Both sides are already making claims and counterclaims about the impact of Texas’ strict voter ID law in last week’s election. There’s no question that some legitimate voters were disenfranchised by the law. But how many? Perhaps a large number — but the truth is, nobody knows. The difficulty of gauging the law’s effect, at least in the election’s immediate aftermath, points to an irony that has characterized the voter ID controversy nationally: Though lawyers challenging ID measures have marshaled reams of compelling evidence to show how they could keep voters from the polls, individual elections are not well-suited to demonstrating the impact. That’s not stopping partisans from jumping into the debate. At a post-election event last week, Gilberto Hinojosa, the chair of the Texas Democratic Party, said the ID law was “a large part of the reason” for the decline in state’s 2010 turnout (though he also said that Texans who didn’t turn out “need to look at yourself in the mirror”). His Republican counterpart, Steve Munisteri, just as confidently dismissed the idea. Around 600,000 registered Texas voters don’t have one of the limited forms of ID that the law allows, according to evidence presented at trial. The state did almost nothing to challenge that assessment. That means there’s no doubt whatsoever that the law disenfranchised legitimate voters. MSNBC met with several of them last week.

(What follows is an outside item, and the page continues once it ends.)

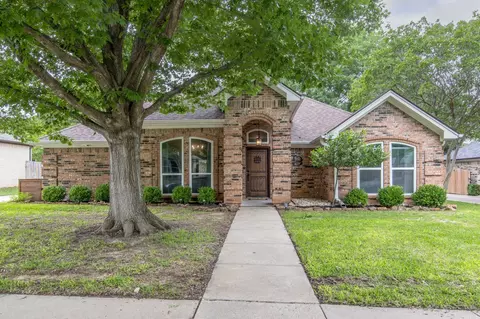 416 Inland Cir, Azle, TX 76020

There is also no serious doubt that the number of disenfranchised voters exceeds the amount of fraudulent votes the law stopped. Texas has been able to point to just two fraudulent votes since 2000 that would have been prevented by the ID law.
Still, it’s also important to know how many people we’re talking about — and whether any major races were affected. That, however, is hard to determine with much certainty.
No one argues that the ID law affected Texas’ governor’s race, in which Republican Greg Abbott beat Democrat Wendy Davis by about 958,000 votes. But Republican Will Hurd won Texas’ only competitive House race by just 2,500 votes, ousting Democratic Rep. Pete Gallego. If Texans without acceptable IDs were spread evenly throughout the state’s congressional districts, approximately 17,000 registered voters in that race lacked IDs.